### Work to be completed
Return all lines of the data in which the string "Photo" occurs.

=-=-=-=-=

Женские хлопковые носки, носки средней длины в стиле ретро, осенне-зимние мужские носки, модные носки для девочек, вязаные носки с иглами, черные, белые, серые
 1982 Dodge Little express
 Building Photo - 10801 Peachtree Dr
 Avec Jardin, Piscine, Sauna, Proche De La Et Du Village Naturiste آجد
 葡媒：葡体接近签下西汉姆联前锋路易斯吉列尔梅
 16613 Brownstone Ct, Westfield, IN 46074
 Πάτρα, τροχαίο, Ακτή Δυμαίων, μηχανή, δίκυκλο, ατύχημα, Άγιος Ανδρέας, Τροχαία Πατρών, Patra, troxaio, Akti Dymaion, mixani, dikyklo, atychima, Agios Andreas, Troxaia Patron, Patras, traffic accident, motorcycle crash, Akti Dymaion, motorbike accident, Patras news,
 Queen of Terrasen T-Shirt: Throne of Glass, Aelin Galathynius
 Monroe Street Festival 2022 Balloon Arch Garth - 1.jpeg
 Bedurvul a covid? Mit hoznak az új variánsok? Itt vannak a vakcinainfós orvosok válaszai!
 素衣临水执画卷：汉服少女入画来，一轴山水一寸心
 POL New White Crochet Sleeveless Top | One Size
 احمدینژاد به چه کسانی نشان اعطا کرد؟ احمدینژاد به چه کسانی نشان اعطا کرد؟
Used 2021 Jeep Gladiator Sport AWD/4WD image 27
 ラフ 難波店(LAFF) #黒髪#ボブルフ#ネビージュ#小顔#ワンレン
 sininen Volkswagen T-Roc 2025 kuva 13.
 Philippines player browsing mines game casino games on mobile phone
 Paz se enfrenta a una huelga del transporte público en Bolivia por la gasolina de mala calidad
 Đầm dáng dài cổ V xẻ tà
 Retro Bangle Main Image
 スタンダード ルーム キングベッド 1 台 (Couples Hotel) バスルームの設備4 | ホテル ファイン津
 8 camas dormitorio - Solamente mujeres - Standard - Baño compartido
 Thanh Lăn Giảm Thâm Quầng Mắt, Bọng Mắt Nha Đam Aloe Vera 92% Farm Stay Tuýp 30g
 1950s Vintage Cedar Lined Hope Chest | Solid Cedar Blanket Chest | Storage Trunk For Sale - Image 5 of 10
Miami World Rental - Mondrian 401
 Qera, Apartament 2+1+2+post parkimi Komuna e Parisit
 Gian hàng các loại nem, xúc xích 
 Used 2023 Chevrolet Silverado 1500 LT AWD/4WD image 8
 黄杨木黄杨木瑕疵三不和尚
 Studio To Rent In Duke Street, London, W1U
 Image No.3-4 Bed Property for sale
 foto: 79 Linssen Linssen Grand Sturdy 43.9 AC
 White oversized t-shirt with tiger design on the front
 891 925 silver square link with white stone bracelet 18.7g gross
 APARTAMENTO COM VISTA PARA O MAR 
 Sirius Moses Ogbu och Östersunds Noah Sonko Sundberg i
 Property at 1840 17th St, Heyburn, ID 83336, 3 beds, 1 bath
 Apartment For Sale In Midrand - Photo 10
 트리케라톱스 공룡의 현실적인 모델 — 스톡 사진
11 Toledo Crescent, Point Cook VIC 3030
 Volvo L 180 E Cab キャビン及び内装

=-=-=-=-=

### Output of the task
 Building Photo - 10801 Peachtree Dr
 Apartment For Sale In Midrand - Photo 10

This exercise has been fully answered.